Obsolescência é a incapacidade de o executivo manter, face às mudanças da ambiência organizacional, um comportamento adaptativo e inovador, criativo. É o fracasso de alguém que já foi capaz de obter resultados que normalmente seriam dele esperados.

A obsolescência não é um problema cronológico. Pode ocorrer a qualquer momento e com qualquer um. As pessoas não ficam velhas,  ficam obsoletas. O que existe está obsoleto. Portanto, se funciona está obsoleto.Imagem

Tudo que funciona pode ser feito de melhor forma, com menores custos, com maior eficiência, eficácia e efetividade. Ou simplesmente pode deixar de ser feito por desnecessidade.

Os tipos mais comuns de obsolescência nos ambientes organizacionais são:

a) Por alteração dos métodos, dos sistemas ou dos processos de trabalho.

Origina-se principalmente da adoção das tecnologias de informação, da cibernética, da pesquisa operacional no mundo da organização e nos ambientes de trabalho.

b) Por mudança da estrutura organizacional.

Alterações estruturais-funcionais na organização, por integração vertical ou horizontal, reformulação administrativa que implique descentralização de serviços, terceirização, quarterização, supressão de órgãos, programas ou atividades, fusões e incorporações, downsizings, joint-ventures.

c) Por mudança do conteúdo ocupacional dos cargos ou dos postos de trabalho.

Ocorre quando o conteúdo funcional e das atribuições de determinado cargo muda, arrastando os seus ocupantes à ossificação de suas competências, conhecimentos e habilidades necessárias ao exercício de seu desempenho.

d) Atitudinal ou psicológica

É aquela advinda da incapacidade de o executivo manter sensibilidade aguçada face aos problemas emergentes de uma nova realidade organizacional.

Preso aos hábitos e costumes do passado, não consegue ser contemporâneo dos novos tempos, do presente vivenciado na emergência de um novo cotidiano.

A atualização dos executivos à inexorabilidade acachapante da obsolescência deve ser:

a) Sistemática e não acidental; permanente e não ocasional, contínua e não episódica.

b) Preventiva e não corretiva. Deve ser com o olhar no futuro e não em função do passado.

c) Institucionalizada e não pessoal. Não é uma responsabilidade exclusiva dos indivíduos isoladamente, mas uma atitude de todos, na construção do aprender a aprender, de uma cultura organizacional de aprendizagens por repercussões de um por um, um por todos, todos com um e todos com todos.

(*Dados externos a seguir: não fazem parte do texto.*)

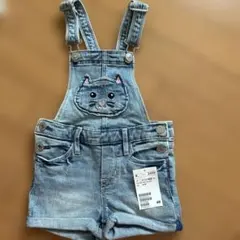 H&M 猫刺繍オーバーオールショートパンツ 3-4Y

ImagemO combate à obsolescência dos executivos no mundo das organizações tem se dado por diferentes formas de ação, ao sabor das circunstâncias de cada caso e de cada momento.

A aplicação dessas formas de ação varia em diferentes contextos, dependendo de uma miríade de circunstâncias do caleidoscópio das realidades organizacionais, de seus processos históricos, da dinâmica de poder e do contingenciamento situacional caso a caso.

Vejamos apenas algumas formas de atuação mais típicas, que o mais das vezes se justapõem ou se interinfluenciam. São os caminhos clássicos que as organizações costumam tratar os casos cotidianos de obsolescência dos executivos:

a) Manutenção do executivo no mesmo cargo, preservando o mesmo status, com todos os símbolos de prestigio e de reconhecimento social, de salários e benefícios, mas efetivamente esvaziado de suas competências e responsabilidades, de autoridade e de poder de decisão. Mantém o cargo, mas é esterilizado em sua capacidade gerencial.

É o rei que reina, mas não mais governa. Passa a ser uma figura apenas decorativa, respeitada por seu passado de contribuições, mantido no seu antigo cargo com o mesmo título, mas afastado do cotidiano das decisões e implementação de ações.

Simbolicamente esta estratégia organizacional também comunica aos circunstantes que a organização reconhece aqueles que contribuíram na construção de sua história, e, assim, busca caminhos respeitosos para o seu reaproveitamento até a saída não traumática de seus quadros.

É menos danoso deixar um individuo obsoleto desfrutar de uma “sinecura” do que o deixar na liderança, ou seja, no comando, na coordenação e no controle dos processos organizacionais, como ele anteriormente os detinha. O custo passa a ser apenas a “sinecura”, e não mais o custo das disfuncionalidades gerenciais e da perda das oportunidades inaproveitadas.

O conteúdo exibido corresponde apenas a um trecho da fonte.